# BBC 4 on Sky Digital



## Green

I have sky digital, can i tune in BBC 4? Want to tape Alan Clarke diaries thks


----------



## clone1

Press the "Services" button
Select number 4 (System Setup), 
and then 4 again ("Add Channels").
In the Frequency field enter: 10.773
Toggle Polarisation to : H 
Toggle Symbol Rate to: 22000 
Toggle FEC to : 5/6 
Select the last button - Find Channels.
Use the Yellow button to place a tick beside BBC 4 and press "Select". BBC 4 will now be stored. You can view them by pressing the "Services" button, then 6 ("Other Channels"),


----------



## CCOVICH

The OP wanted to record a programme from Sky-is this possible with 'Other Services' channels?  I wouldn't have thought so myself.


----------



## Squonk

Does anyone know the reason why Sky refuse to put BBC3, BBC4, UTV, CBBC etc onto the main programming guide? It's a pain at the moment.


----------



## HighFlier

You cannot record "other channels" with the Sky + service but there is no reason why an external tape or disk recorder would not work, you just have to record live as you wont be able to set it up.


----------



## Squonk

HighFlier said:


> You cannot record "other channels" with the Sky + service but there is no reason why an external tape or disk recorder would not work, you just have to record live as you wont be able to set it up.

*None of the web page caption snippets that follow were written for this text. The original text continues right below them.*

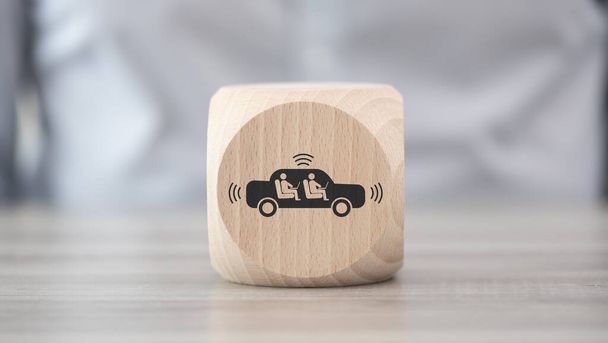 Drewniany blok z symbolem autonomicznej koncepcji pojazdu - Zdjęcie, obraz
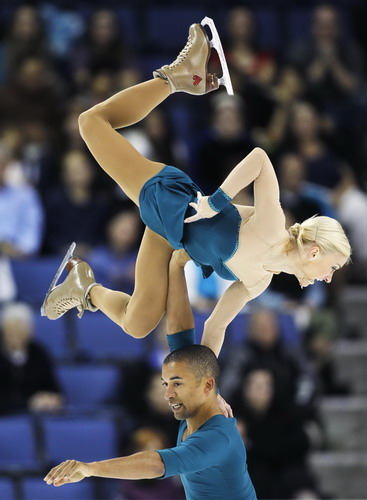 Chinese skaters win silver at ISU Grand Prix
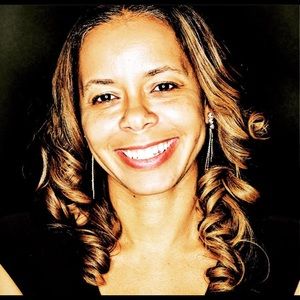 Meet your Posher, Corrie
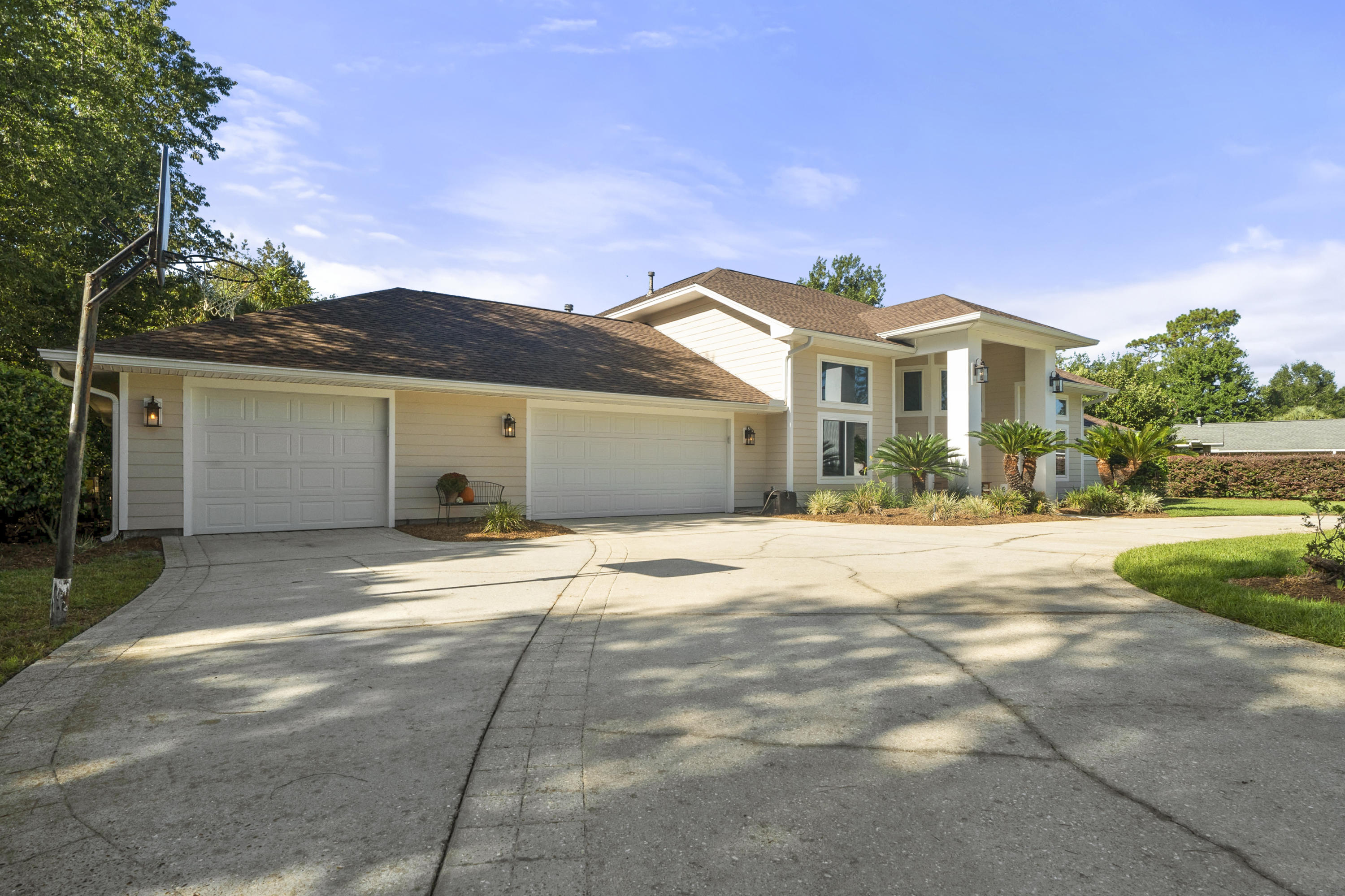 MAGNOLIA PLANTATION AT BLUEWATER BAY - Residential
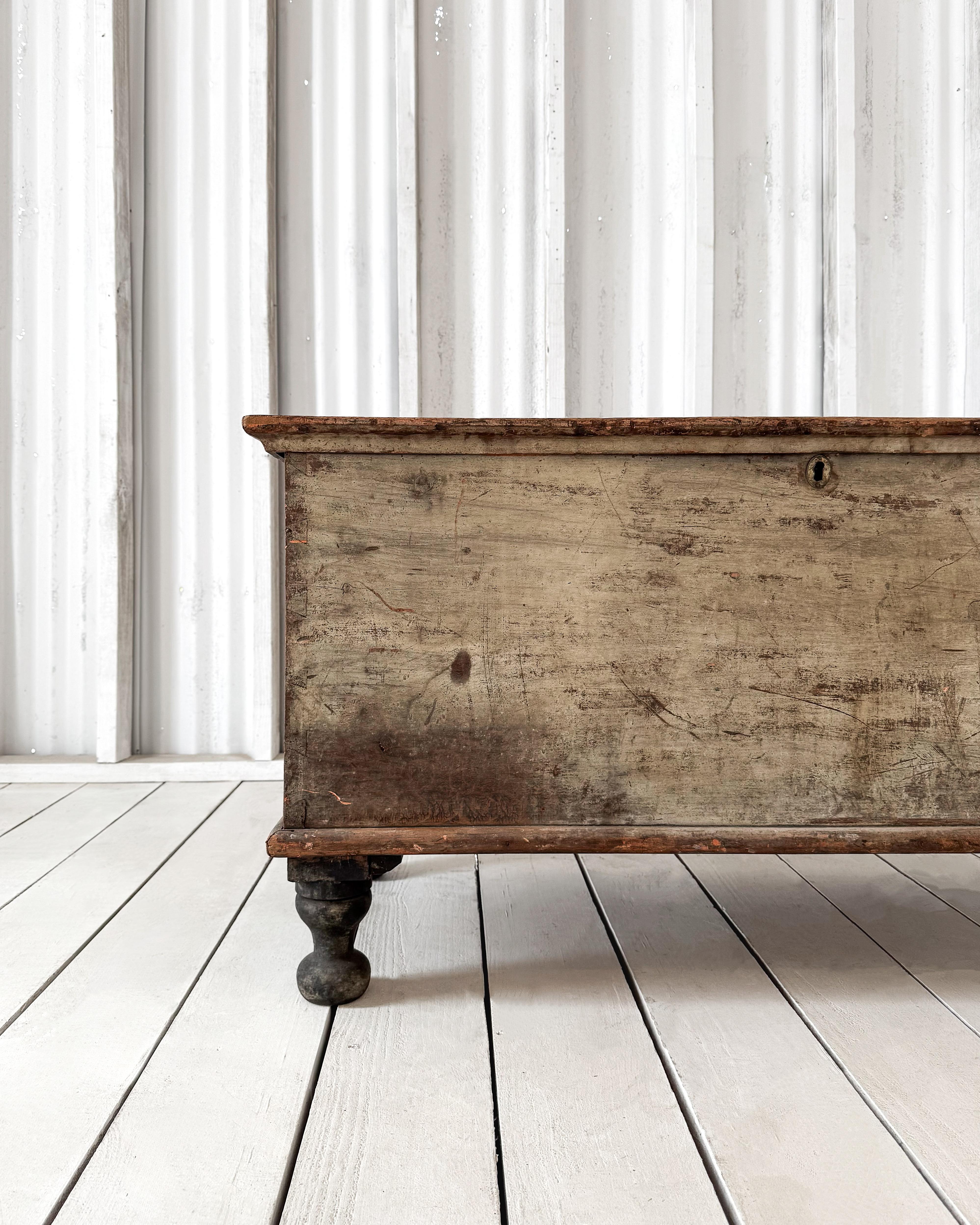 18th Century Blanket Chest with Turned Feet In Good Condition In Mckinney, TX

Can you record the 'other channels' on Sky+ as you are watching them?


----------



## HighFlier

No you cannot record or pause or anything else.


----------



## HighFlier

Other channels are channels that are not part of the sky service but happen to be able to be recieved on the satellite dish. You cannot even see the programme listings for the day only the details of the current programme which is carried on the channel signal live.


----------



## tallpaul

Squonk said:


> Does anyone know the reason why Sky refuse to put BBC3, BBC4, UTV, CBBC etc onto the main programming guide? It's a pain at the moment.


 
Because BBC will not pay SKY to have them on the Irish EPG. Every channel space on the EPG has to be paid for by the television channel. I think it also to do with the fact that both ITV and BBC refused to renegotiate their broadcast deal with Sky and decided to broadcast fre-to-air. In a fit of pique, Sky won't place them on the EPG.


----------



## Squonk

tallpaul said:


> Because BBC will not pay SKY to have them on the Irish EPG. Every channel space on the EPG has to be paid for by the television channel. I think it also to do with the fact that both ITV and BBC refused to renegotiate their broadcast deal with Sky and decided to broadcast fre-to-air. In a fit of pique, Sky won't place them on the EPG.


 That's a shame, because it would boost Sky's ability to sell its service.


----------



## nlgbbbblth

HighFlier said:


> You cannot record "other channels" with the Sky + service but there is no reason why an external tape or disk recorder would not work, you just have to record live as you wont be able to set it up.



I can programme my DVD recorder's HDD to record BBC4 or any of the non-EPG 'other channels'.

Simply turn on the Sky box and find the channel I want to record. Then set the timer.


----------



## Luternau

If you are living in the BBC area (UK) then all BBC channels including regional variations appear on the EPG, as they are all free to air. However in Ireland they are not part of the sky package and therefore not on the EPG. We are only supposed to recieve BBC 1 and 2 N Ireland. We receive the rest cos they are there to recieve. Legally Sky cannot broadcast them into homes in the Republic and hense they are not on the EPG.


----------



## Dinarius

Just tried this with the frequency given above (10.773) and no joy - it did add CBBC, however.

Does anyone know what the current frequency for BBC4 is?

Also, is it available in HD?

Thanks.

D.


----------



## gipimann

BBC changed their frequencies for some channels recently.

Have a look at this thread which has link to a site with the new frequencies.

http://www.askaboutmoney.com/showthread.php?t=145783


----------



## jpd

Why should/would BBC pay money so that viewers in the Republic could receive their channels?


----------



## Woodie

Essentially that was to be part of the Good Friday Agreement in the interest of alll island harmony viewers in the north would get RTE and TG4 and maybe TV3 and in ROI we would get BBC.   At least that was the politicians idea but I think costs and commerce (the fight between Freeview and Sky) including clash of programming got in the way also particularly for TV3 so the idea was droped by ex-minister Ryan.   

You already have BBC1 and BBC in ROI Sky Guide and personally I would not mind paying a small monthly fee for a comprehensive Guide including BBC3 and BBC4.  

In answer to the original poster, I have given up tying to make sense of these issue and work with whatis available.  You could get a UK card and/or use a DVD/HD recorder old style with some old fashioned programming I suppose.


----------